To the north and during the 2006 Lebanon War, when Olmert had the opportunity to truly set Hezbollah back, he choked.  By quitting the campaign before it was complete, he transmitted to Hezbollah that he was unwilling to do what was necessary.  In turn, they read his weakness, adjusted their game plan and after Israel retreated, decided they weren’t going to ever take it again.  They armed themselves to the teeth with the help of Iran.  Today, over 40,000 rockets line the border able to reach further into Israel and cause more harm than ever before.

 

To the south and in Gaza it’s even worse.  In the 2008-2009 Israel-Gaza conflict, with the stated aim of stopping rocket fire into Israel, missiles continue to be fired from Gaza on southern Israel.  Moreover, Operation Cast Lead as it became known, was a public relations disaster for Israel and haunts any potential, future operations due to the manner in which it was handled.

 

Today, as Jerusalem Post columnist Caroline Glick predicted and pointed out in 2010, “the terror group that rules Gaza has missiles capable of reaching Tel Aviv. It has advanced antitank missiles. Quoting a Hamas spokesman Abu Obeida she makes the point, “We are now stronger than before and during the war, and our silence over the past two years was only for evaluating the situation.”

 

In both conflicts Olmert was incompetent.

 

But in his Op-Ed, he lectures both Netanyahu and Abbas on the current imbroglio over U.N. recognition of a Palestinian state, offering his own previous plan, which had been, for all intents and purposes shunned

by Abbas.

 

But after rehashing it and perhaps without even knowing it, he inserts the flaw that any land for peace deal inherently has in it. 

 

He writes, “The window of opportunity is limited.  Israel will not always find itself sitting across the table from Palestinian leaders like Mr.
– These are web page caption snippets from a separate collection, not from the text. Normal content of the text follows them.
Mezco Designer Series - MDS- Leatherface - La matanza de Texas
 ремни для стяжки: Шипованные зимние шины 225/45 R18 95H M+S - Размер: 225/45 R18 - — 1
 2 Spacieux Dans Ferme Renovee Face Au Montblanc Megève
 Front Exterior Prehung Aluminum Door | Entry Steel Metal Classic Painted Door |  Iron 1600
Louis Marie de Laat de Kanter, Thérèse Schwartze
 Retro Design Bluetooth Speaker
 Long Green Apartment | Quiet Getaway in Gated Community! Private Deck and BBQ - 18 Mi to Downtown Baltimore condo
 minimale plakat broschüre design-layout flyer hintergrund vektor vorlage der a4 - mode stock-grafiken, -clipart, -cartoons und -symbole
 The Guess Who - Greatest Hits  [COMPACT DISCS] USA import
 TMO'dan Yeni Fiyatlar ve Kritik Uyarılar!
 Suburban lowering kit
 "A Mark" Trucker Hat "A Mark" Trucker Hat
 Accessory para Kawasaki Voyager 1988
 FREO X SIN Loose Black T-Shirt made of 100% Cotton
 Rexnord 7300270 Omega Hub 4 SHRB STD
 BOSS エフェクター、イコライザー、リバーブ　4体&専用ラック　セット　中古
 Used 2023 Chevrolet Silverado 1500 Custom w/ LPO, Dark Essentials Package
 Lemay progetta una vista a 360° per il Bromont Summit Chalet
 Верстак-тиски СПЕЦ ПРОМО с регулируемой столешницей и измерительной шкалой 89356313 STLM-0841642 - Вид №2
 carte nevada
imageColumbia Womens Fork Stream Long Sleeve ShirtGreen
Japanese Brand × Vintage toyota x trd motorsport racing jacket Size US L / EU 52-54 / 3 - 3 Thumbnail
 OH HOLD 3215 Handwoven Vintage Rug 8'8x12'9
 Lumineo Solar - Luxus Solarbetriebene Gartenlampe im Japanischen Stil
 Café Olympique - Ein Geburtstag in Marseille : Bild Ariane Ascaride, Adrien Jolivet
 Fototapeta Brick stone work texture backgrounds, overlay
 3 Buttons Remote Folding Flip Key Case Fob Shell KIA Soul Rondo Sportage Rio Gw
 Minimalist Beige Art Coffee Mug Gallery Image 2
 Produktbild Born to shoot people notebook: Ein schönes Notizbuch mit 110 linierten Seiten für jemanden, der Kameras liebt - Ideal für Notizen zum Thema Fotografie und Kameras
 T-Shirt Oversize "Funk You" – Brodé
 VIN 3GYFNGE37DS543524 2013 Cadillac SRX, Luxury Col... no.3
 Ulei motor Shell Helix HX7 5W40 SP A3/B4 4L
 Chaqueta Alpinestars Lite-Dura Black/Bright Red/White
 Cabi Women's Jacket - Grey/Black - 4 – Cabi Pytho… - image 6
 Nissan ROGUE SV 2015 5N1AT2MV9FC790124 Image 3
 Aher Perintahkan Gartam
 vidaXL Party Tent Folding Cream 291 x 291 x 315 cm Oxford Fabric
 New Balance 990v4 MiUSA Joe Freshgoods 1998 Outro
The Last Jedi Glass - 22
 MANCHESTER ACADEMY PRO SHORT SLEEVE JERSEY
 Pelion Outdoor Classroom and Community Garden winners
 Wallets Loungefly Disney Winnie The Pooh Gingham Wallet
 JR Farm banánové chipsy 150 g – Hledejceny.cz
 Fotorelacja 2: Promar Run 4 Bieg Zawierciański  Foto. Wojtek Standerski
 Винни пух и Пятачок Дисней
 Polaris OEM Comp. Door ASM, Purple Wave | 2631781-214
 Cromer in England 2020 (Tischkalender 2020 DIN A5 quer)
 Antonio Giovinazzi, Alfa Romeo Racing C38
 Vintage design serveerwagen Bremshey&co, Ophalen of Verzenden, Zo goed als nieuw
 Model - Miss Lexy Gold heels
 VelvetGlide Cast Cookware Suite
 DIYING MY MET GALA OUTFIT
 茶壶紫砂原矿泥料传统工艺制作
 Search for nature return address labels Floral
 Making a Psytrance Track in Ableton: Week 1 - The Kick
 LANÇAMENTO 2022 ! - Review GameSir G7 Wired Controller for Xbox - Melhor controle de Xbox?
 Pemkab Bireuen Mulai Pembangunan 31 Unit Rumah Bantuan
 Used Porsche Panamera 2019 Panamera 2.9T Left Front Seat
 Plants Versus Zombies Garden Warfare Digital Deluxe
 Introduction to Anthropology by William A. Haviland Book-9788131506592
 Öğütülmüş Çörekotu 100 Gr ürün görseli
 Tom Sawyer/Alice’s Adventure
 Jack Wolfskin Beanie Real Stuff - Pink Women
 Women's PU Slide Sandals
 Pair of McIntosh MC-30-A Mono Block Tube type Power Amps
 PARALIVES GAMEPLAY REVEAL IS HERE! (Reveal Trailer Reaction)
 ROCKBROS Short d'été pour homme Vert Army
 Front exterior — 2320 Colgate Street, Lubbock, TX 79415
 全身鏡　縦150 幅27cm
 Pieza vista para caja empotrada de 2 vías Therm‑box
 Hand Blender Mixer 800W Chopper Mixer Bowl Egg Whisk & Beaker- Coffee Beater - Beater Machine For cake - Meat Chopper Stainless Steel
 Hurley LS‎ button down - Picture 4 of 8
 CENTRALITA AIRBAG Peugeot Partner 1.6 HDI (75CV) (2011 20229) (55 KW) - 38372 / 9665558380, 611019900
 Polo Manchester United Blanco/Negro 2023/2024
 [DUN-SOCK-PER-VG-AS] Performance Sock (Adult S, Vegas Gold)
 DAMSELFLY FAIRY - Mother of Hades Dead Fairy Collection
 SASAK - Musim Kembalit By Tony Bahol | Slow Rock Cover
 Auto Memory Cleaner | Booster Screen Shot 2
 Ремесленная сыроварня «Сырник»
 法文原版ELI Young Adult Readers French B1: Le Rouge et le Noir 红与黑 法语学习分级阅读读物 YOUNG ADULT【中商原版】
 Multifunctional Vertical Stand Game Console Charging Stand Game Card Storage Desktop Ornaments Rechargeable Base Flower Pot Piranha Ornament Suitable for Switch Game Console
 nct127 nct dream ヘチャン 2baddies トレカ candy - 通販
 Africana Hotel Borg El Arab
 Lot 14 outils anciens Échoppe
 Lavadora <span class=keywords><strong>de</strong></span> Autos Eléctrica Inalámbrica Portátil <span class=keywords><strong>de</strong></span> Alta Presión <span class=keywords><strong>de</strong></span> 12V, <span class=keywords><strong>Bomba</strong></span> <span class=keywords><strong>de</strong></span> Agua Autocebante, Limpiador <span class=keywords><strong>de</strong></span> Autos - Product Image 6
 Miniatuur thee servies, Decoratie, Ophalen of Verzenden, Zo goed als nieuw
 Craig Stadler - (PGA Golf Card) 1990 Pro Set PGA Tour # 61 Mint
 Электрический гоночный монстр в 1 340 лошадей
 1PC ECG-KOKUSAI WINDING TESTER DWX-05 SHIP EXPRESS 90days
Abbas and the prime minister, Salam Fayyad, who object to terrorism and want peace.”  And indeed that may be true and precisely the reason why a land for peace deal is flawed.  It’s exactly because as he states in the next sentence “…future Palestinian leaders might abandon the idea of two states and seek a one-state solution, making reconciliation impossible.”

 

Hence, even if Abbas and Fayyad were serious about peace and Israel does indeed retreat to the vulnerable pre-’67 borders, what happens when a different leader takes control of Judea and Samaria? 

 

What happens when a radical Islamist cleric wins the election in this new state of Palestine and rallies the people to drive the Jews into the sea? 

 

What happens when Hamas wins the popular vote in the West Bank?  Or the terrorist organization simply overlooks any election and declares and coup?  Then what? 

 

But bad advice from Olmert on Israel’s security is not the only reason to ignore his harmful recommendations.  Beyond his dreadful military track record, Olmert was indicted by a Jerusalem District Court on charges of fraud, breach of trust, falsifying corporate documents and tax evasion. Shamefully, his was the first indictment of anyone who had ever held the office of Israeli Prime Minister.

 

For friends of Israel to accept counsel from Olmert on security issues, would be like the U.S. Government listening to Nixon on how to win in Iraq and Afghanistan.  No doubt they’d question the source.  Wouldn’t you?